Embedding weights tied to projection out logits

Hi,

Is there a concise way to implement embedding weights tied to projection out logits in TensorFlow?

In Flax, we are able to do this:

class Parallel_Transformer(nn.Module): 
  dim: int 
  num_tokens: int
  depth: int 
  dim_head: int = 64 
  heads: int = 8 
  ff_mult: int = 4
  
  @nn.compact
  def __call__(self, x):
    embed = nn.Embed(self.num_tokens, self.dim, embedding_init = nn.initializers.normal(stddev=0.02))
    x = embed(x)
    x = Transformer(dim=self.dim, depth=self.depth, heads=self.heads, dim_head=self.dim_head, ff_mult=self.ff_mult)(x)
    x = nn.LayerNorm(epsilon = 1e-5, use_bias = False)(x)
    out = embed.attend(x)
    return out

In PyTorch, we are able to do the same with:

def Parallel_Transformer(*, dim, num_tokens, depth, dim_head=64, heads=8, ff_mult=4):

    net = nn.Sequential(
        nn.Embedding(num_tokens, dim),
        *[
            Residual(ParallelTransformerBlock(dim=dim, dim_head=dim_head, heads=heads, ff_mult=ff_mult))
            for _ in range(depth)
        ],
        LayerNorm(dim),
        nn.Linear(dim, num_tokens, bias=False)
    )
    
    net[-1].weight = net[0].weight

    nn.init.normal_(net[0].weight, std=0.02)
    return net

I am currently working on a TensorFlow implementation here:

class Parallel_Transformer(tf.keras.Model):
    def __init__(self, dim, num_tokens, depth, dim_head=64, heads=8, ff_mult=4): 
        super(PaLM, self).__init__()
        
        self.dim = dim
        self.num_tokens = num_tokens
        self.depth = depth
        self.dim_head = dim_head
        self.heads = heads
        self.ff_mult = ff_mult

        self.embedding = tf.keras.layers.Embedding(num_tokens, dim, embeddings_initializer='uniform')

        self.norm = tf.keras.layers.LayerNormalization()

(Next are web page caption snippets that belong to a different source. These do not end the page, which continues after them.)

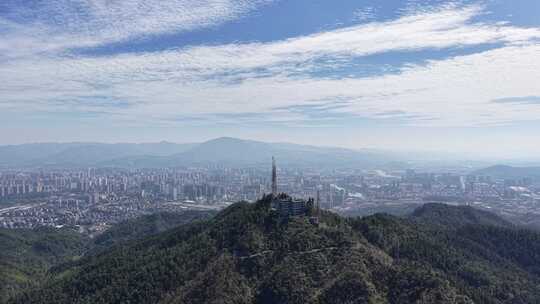 航拍湖南怀化城市大景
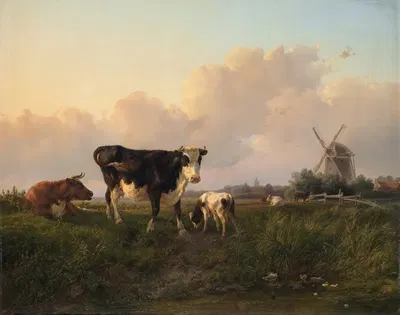 A flat landscape with cattle by Ян Бедейс Том, 1854 — digital art print download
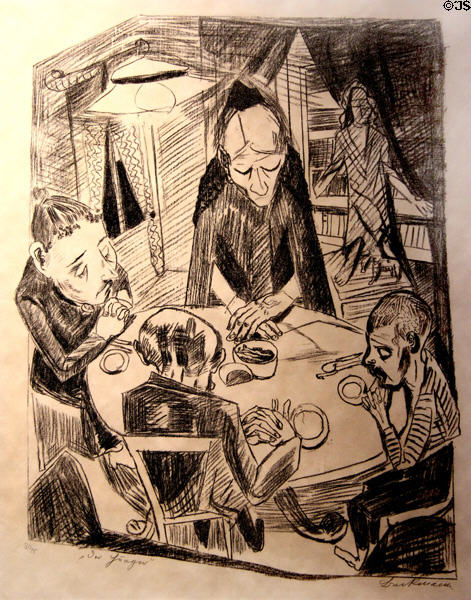 Hunger lithograph (1919), sheet from a series entitled "Hell" by Max Beckmann at Museum of Bread and Art. Ulm, Germany.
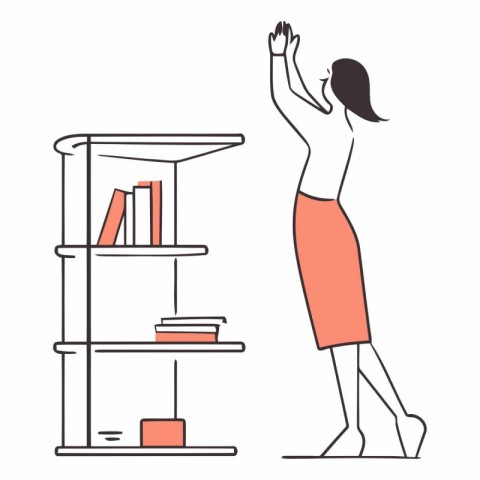 Vector illustration of a woman standing near bookshelf with book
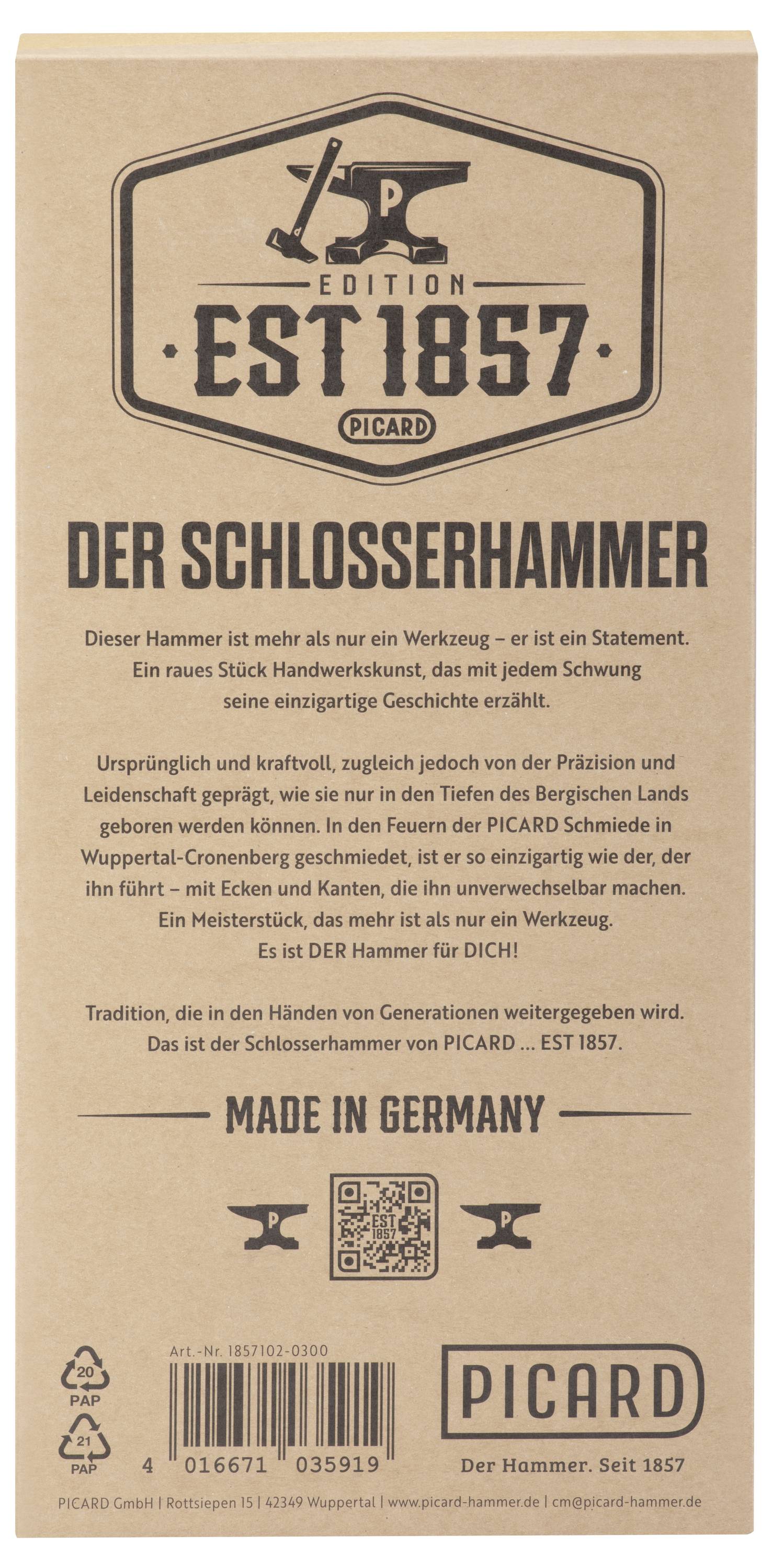 Plagát pre PICARD's 'Der Schlosserhammer' s veľkým logom 'EST 1857', nemeckým textom produktu, QR kódom, čiarovým kódom a logom PICARD na béžovom pozadí.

        self.to_out = tf.keras.layers.Dense(num_tokens, use_bias = False)

    def call(self, x):
        embed = self.embedding(x)
        x = ParallelTransformer(self.dim, self.depth, self.heads, self.dim_head, self.ff_mult)(embed)
        x = self.norm(x)
        out = self.to_out(x)
        return out

I am unsure how to properly do the above in TensorFlow.

Any advice would be greatly appreciated.

Thank you,

Enrico

Hi @Enrico_Shippole,

Sorry for the delay in response.
I suggest you to use add_weight and matrix multiplication to avoid redundant layers and ensure that both layers (embedding and output logits) share the same weight matrix, similar to the PyTorch approach. Instead of relying on kernel_initializer for Dense layers in TF, I believe this the efficient approach.I’ve added a sample code gist for your reference.

Thank You.